I also saw this story  as I was perusing parknews.biz.  Seems the city dads and moms in Brisbane in the land of OZ are giving the first 15 minutes at a parking meter for free. They were told that it was going to cost nearly $2mm. I have only one questions. How do you know?

How in the devil are they going to enforce this?  The only way I can imagine is that they are using DCA’s parking sensor system.  That way, the enforcement officer can know exactly how long a car has been there and can nail them as one local councilperson said “in the split second they go past 15 minutes.”

I can only see trouble on the horizon. This will fall under the heading of ‘no good dead goes unpunished.”  I can just see when some Aussie Lad or Lassie shows up a split second after the 15 minutes and gets a $100 ticket.  What’s next, 5 minutes grace on the 15 minutes free?

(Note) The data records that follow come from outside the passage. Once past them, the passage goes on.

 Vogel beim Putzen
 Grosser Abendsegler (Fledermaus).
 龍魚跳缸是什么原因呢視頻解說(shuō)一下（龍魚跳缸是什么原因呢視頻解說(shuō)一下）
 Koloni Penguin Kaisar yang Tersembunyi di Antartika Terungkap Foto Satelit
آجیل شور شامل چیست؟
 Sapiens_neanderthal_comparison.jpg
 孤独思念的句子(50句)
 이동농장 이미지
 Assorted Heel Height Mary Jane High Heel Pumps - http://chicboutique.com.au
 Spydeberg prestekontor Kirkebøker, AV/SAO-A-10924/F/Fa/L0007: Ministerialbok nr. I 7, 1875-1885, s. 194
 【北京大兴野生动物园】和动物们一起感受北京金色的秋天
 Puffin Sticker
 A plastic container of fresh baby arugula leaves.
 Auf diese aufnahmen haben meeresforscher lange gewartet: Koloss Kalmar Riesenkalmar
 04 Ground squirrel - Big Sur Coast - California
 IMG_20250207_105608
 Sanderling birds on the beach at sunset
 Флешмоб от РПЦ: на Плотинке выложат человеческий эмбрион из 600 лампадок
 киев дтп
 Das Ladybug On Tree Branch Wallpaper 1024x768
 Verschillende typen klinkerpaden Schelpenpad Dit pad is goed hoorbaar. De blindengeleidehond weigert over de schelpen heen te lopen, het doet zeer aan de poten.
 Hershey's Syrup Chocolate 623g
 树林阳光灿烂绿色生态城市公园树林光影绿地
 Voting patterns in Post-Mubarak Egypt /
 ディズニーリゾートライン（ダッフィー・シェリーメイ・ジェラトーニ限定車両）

I really like variable rate meters. The first hour is really cheap  say 50 cents. The second hour is $3. The third hour is $25. and so forth. Do away with citations altogether. This only works if you use a credit card meter combined with a sensor. The machine knows when you arrived, knows when you left, and nails your card for the total amount.  No need for citations, the fee equals the citation. Just you watch. Its coming to a main street near you.

JVH

 

Picture of John Van Horn

John Van Horn

2 Responses

  1. The problem with variable rate meters is that people will figure out that if they come back out and re-feed the meter after the lower rate runs out, they can continue parking and bypass the higher rate while continuing to park in the same spot for an extended period of time, especially if you remove time limits. There isn’t any way to enforce this unless you do it in a pay by plate environment where the plate number is in valid after x amount of time. And then the parkers will simply watch out their window and run out to move into another space on the block to restart the time clock. Sound like a lot of trouble to go through? It is, but people do it in large numbers. Plus, since on-street parking is so scare, it only takes a few people to do this every day and you’ve clogged up the parking.